Dabbling in the Bitcoin market carries risks. First, the inherent difficulty of unlocking new Bitcoins makes it costly. Virtual Mining’s Slaughter said the sooner people start mining, the more likely they are to make a return on their investment in computing hardware. Yet the more Bitcoins created, the more complicated the process becomes, increasing the computing power needed to make them — and the expense of doing so.
“A lot of the manufacturers started shipping, and it’s twice as difficult to mine these coins than a month ago,” Slaughter said. “The difficulty is going to shoot up so fast. People are going to say they can’t make any money.”
Slaughter, who runs six Avalon mining machines from BitSynCom LLC that cost him $1,500 each, said he’s creating about 1.2 Bitcoins per day, or the equivalent of about $162. That’s down from $300 a day in September and $1,200 a day in August.
“It’s probably a wash due to the amount of energy used and the time used,” said Ugo Egbunike, senior ETF specialist at IndexUniverse, an index-fund researcher. “It’s probably correlated with the growth in Bitcoin’s popularity. They might be a little misled in how much yield they could get out of these mining strategies.”
The Bitcoin market is also volatile. The currency’s value dropped as much as 33 percent earlier this month after the U.S. Federal Bureau of Investigation seized the “Silk Road Hidden Website,” an online marketplace for drugs and other illegal goods where anonymous users conducted transactions with the digital currency. The closing spurred concern that demand for the currency would decline.
The value of Bitcoins has since recovered. Some people are buying Bitcoins as a refuge amid concern that the U.S. will breach its debt ceiling, hurting the U.S. dollar. Bitcoins are also being purchased as a hedge against a rising rate of inflation in Argentina.
“If there’s a U.S. default, I wouldn’t be surprised if the value of Bitcoins is back above $200,” Michael Terpin, co-founder of BitAngels, an investor group focused on Bitcoin startups, said in an interview. The value of Bitcoin rose 11 percent to $135.40 on Bitcoin exchange Bitstamp today, according to tracker Bitcoincharts.com.
The burgeoning hardware market isn’t limited to mining gear. Demand is also emerging for automated teller machines that exchange Bitcoins for dollars, euros and other legal tender. Three New Hampshire residents are working on making Bitcoin ATMs for a venture calledLamassu Inc. Designed in Portugal and costing as much as $5,000, about 40 of the machines have been ordered from customers from as far away as Australia, Denmark and Brazil, CEO Zach Harvey said.

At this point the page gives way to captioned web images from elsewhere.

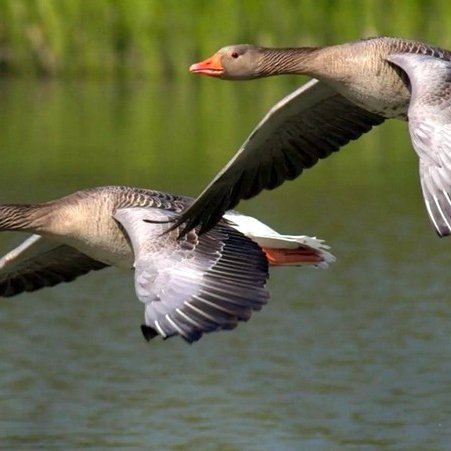 Gæsir á flugi. Mynd af ust.is.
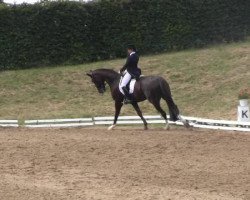 dressage horse Frisco 161 (Hanoverian, 2002, from Fürst Heinrich)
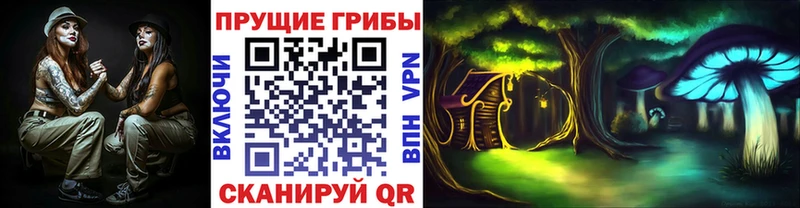 купить наркотик  Курчалой  Псилоцибиновые грибы MAGIC MUSHROOMS 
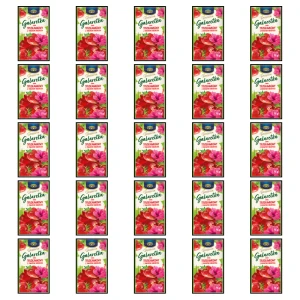 Kruger Desseria Galaretka smak truskawkowy z kwiatem hibiskusa 75g X25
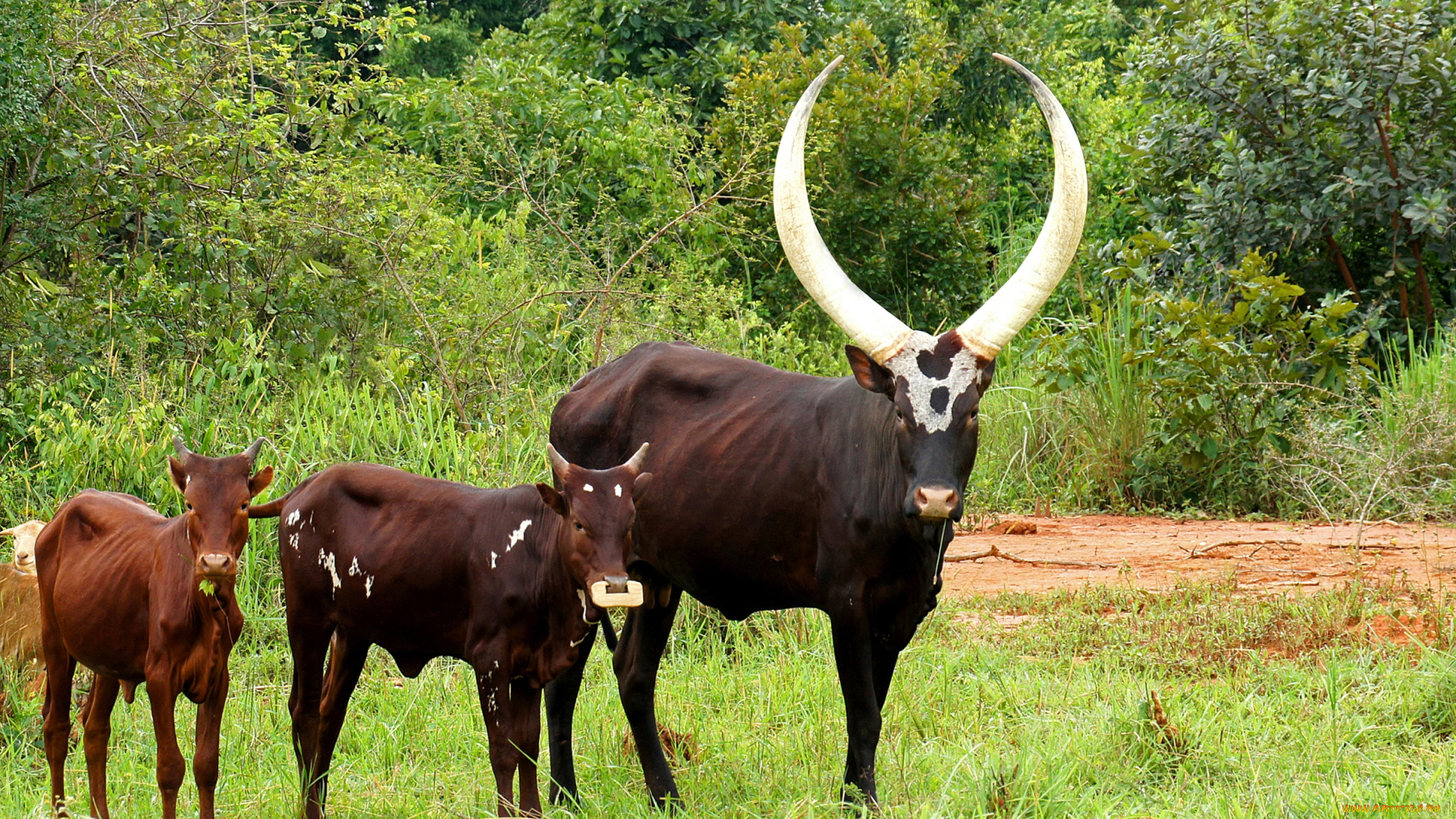 животные, коровы, , буйволы, рога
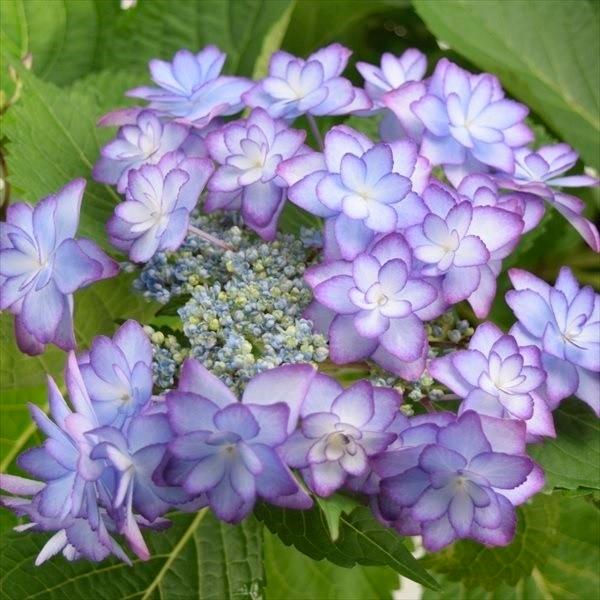 アジサイ 苗 ひな祭りPVP パープル 1株 紫陽花苗 花木苗 国華園（Yahoo!・花と緑 国華園）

Robocoin, another Bitcoin ATM maker, unveiled a machine in August priced at $18,500. The Las Vegas-based company received 15 orders in the first 36 hours, according to CEO Jordan Kelley.

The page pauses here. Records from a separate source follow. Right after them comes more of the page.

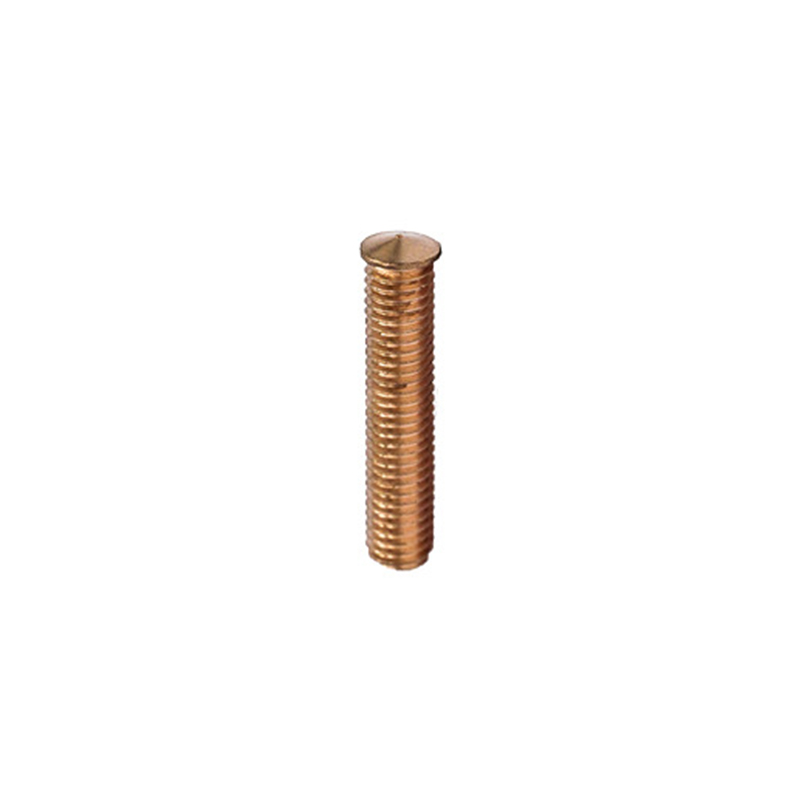 Macula weld bulla plena filum welding Cochleas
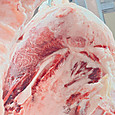 Photo_7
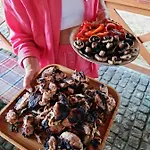 Zelena Saduba Tatil Evi Nevitskoye (Transcarpathia)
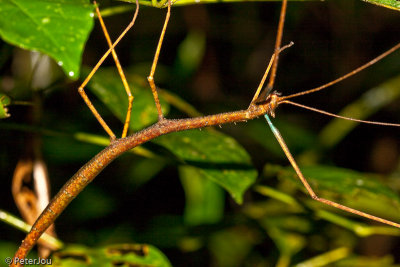 Peru: Amazon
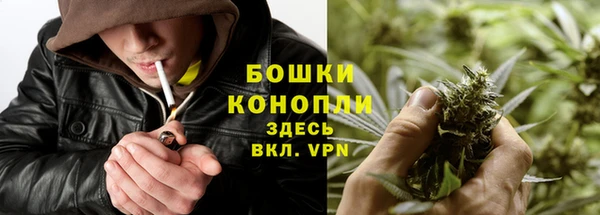 гидра Инсар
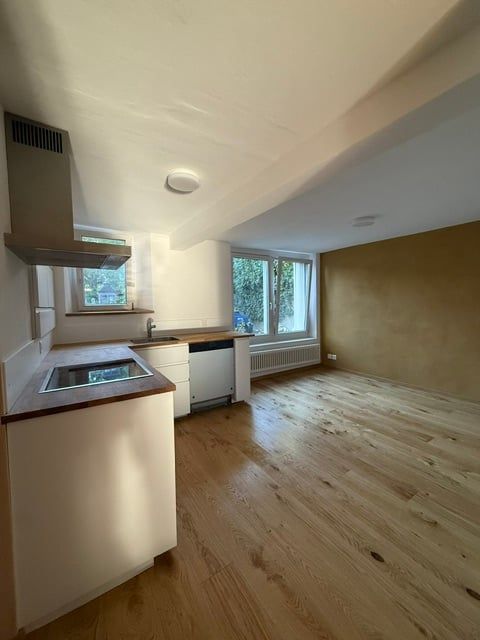 Erstvermietung nach Renovation, grosszügige 3.5-Zimmer-EG-Wohnung mit Terrasse und Garten - Bild 1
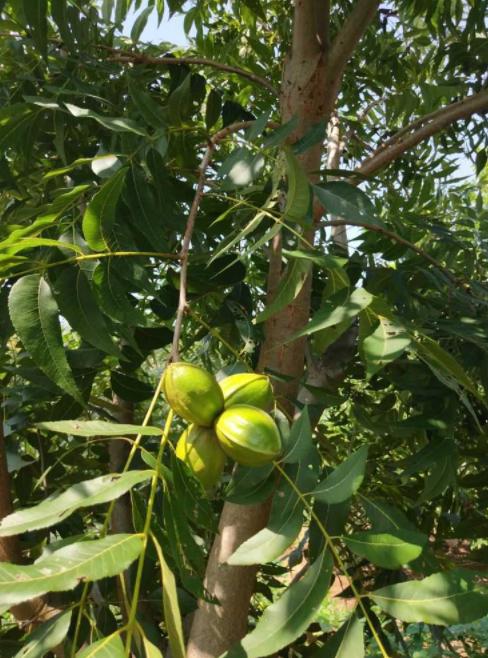 薄壳山核桃造林技术的要点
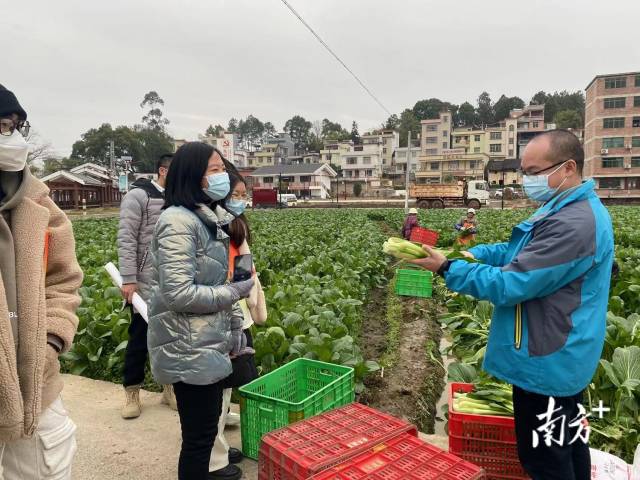 大學(xué)生們一起走進(jìn)九陂鎮(zhèn)四聯(lián)村菜心基地實(shí)地參觀。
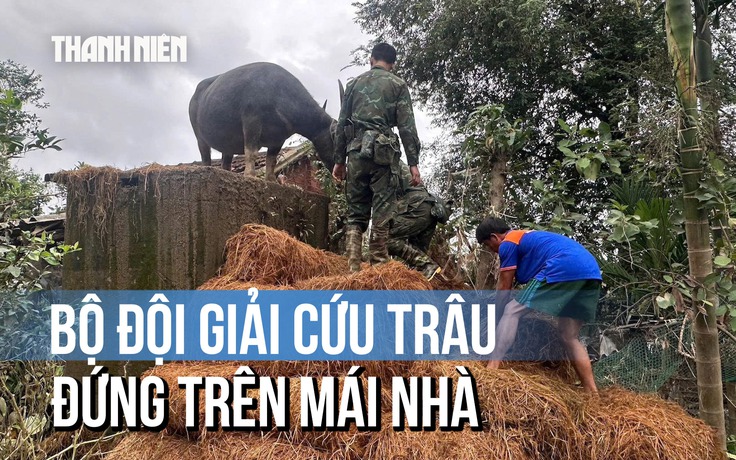 Bộ đội dùng rơm chất thành bậc thang giải cứu con trâu đứng trên mái nhà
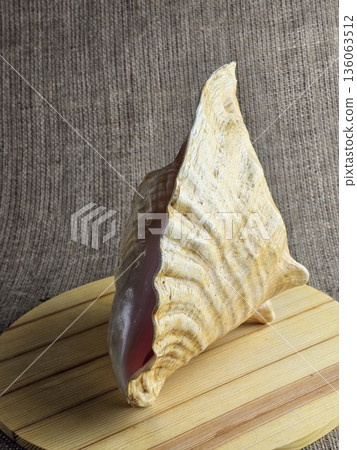 A close-up of a Strombus gigas sea snail shell on a wooden stand against a burlap background. A close-up of the beautiful texture of a sea snail shell. A king sea snail from Caribbean. 136063512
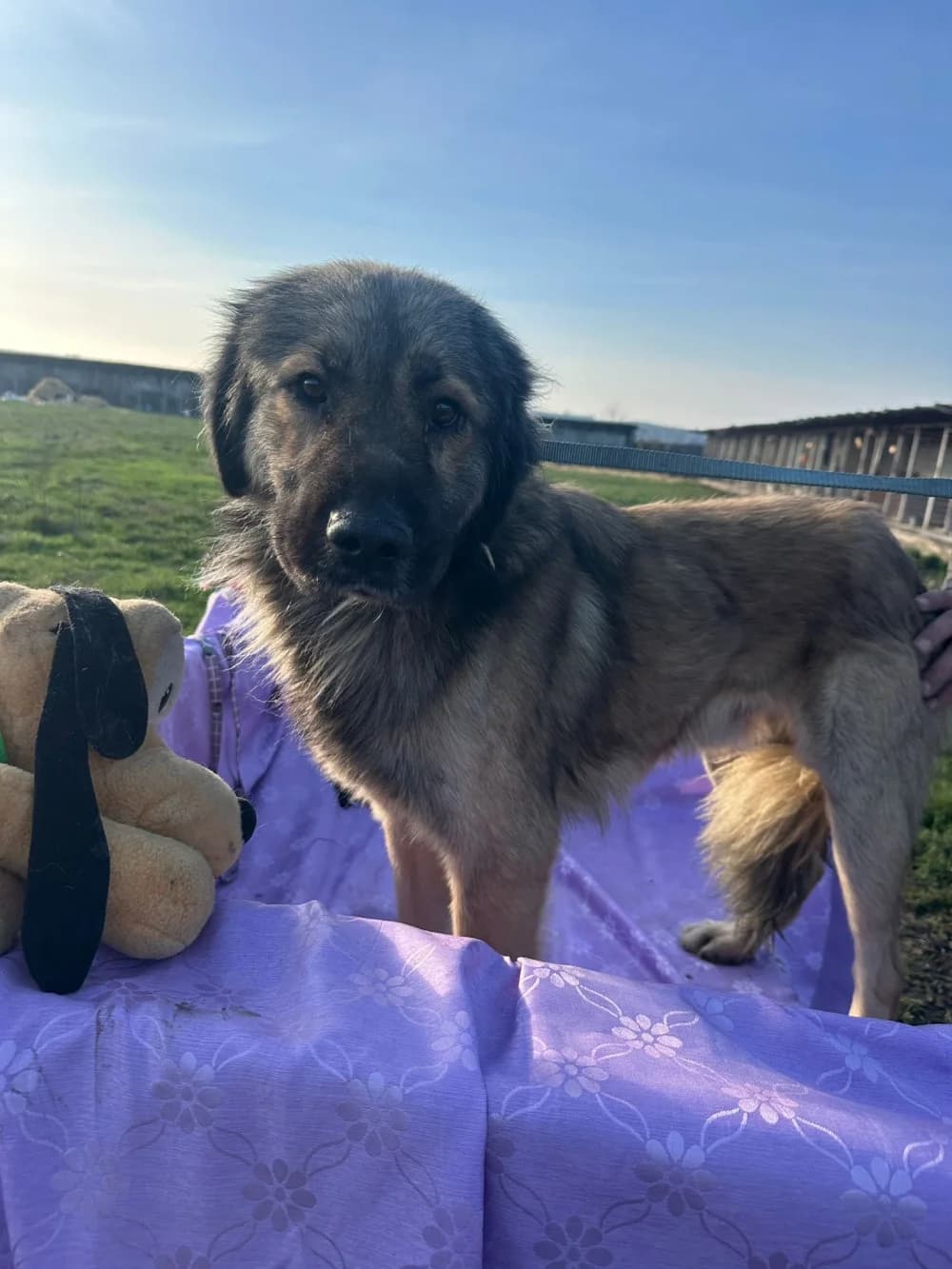 Barney, 4yo Mixed Breed for adoption at Hundsrücker Tierschutz gUG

“Since we’ve announced preorders, it’s been insane, Kelley said. ‘‘My fingers are cramping from writing e-mails.” Based on initial demand, he projects sales of 100 units in the first year.
Mitchell Demeter, a 27-year-old who operates a physical dollar-to-Bitcoin exchange store inVancouver, said he’s ordered five Robocoin machines.

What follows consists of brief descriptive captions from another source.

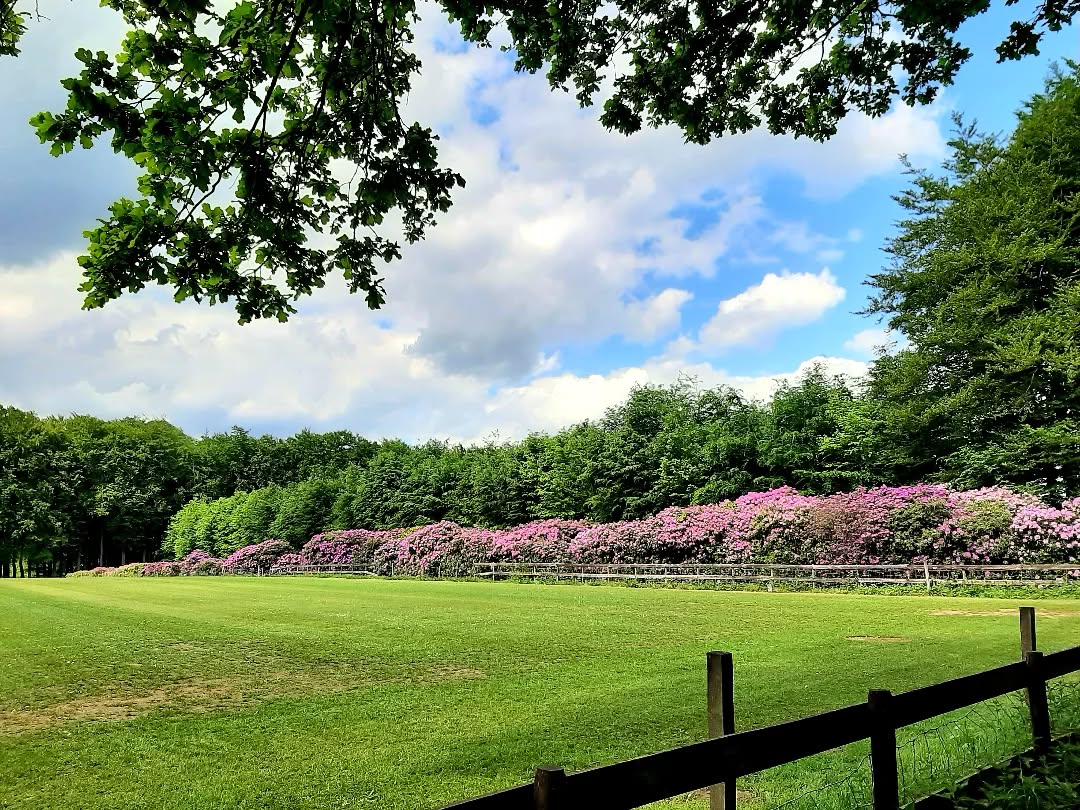 Nederland: Een mooie muur van rhododendrons, Veluwezoom, Gelderland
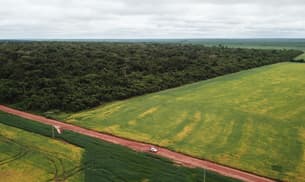 A soya field in Mato Grosso next to forest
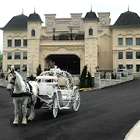 Dream Horse Carriage Company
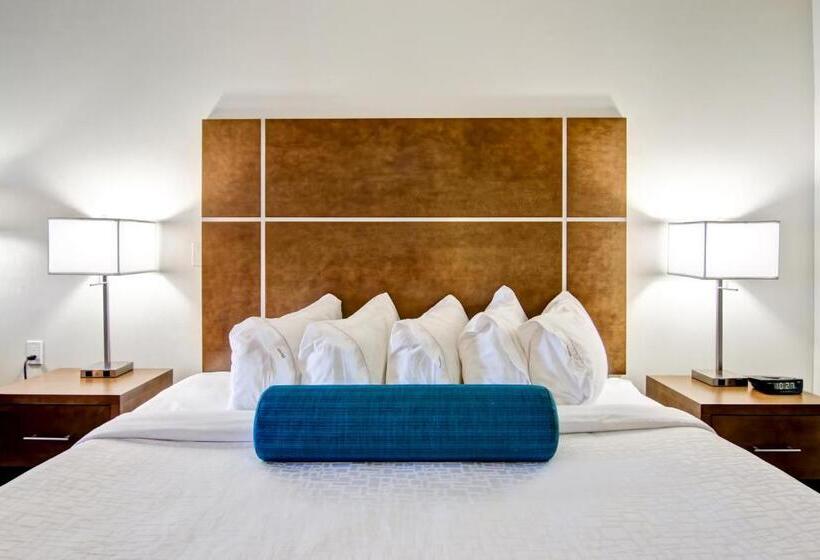 غرفة قياسية سرير كينج, Canalta Selkirk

“We are looking to scale our business, and doing so would require a lot of manpower,” Demeter said. “Robocoin solved those problems for us.”
He’s planning to put the ATMs at coffee shops and other locations throughout Canada, and recoup his investment in three to six months by charging a fee of about 3 percent per transaction. Like Demeter, many Bitcoin buyers are young. Many have attended local Bitcoin-enthusiast gatherings and have purchased everything from beer to luxury cars using the currency.
“Everybody is trying to get in early at this point,” Egbunike said. “It’s people trying to get in before the rush.”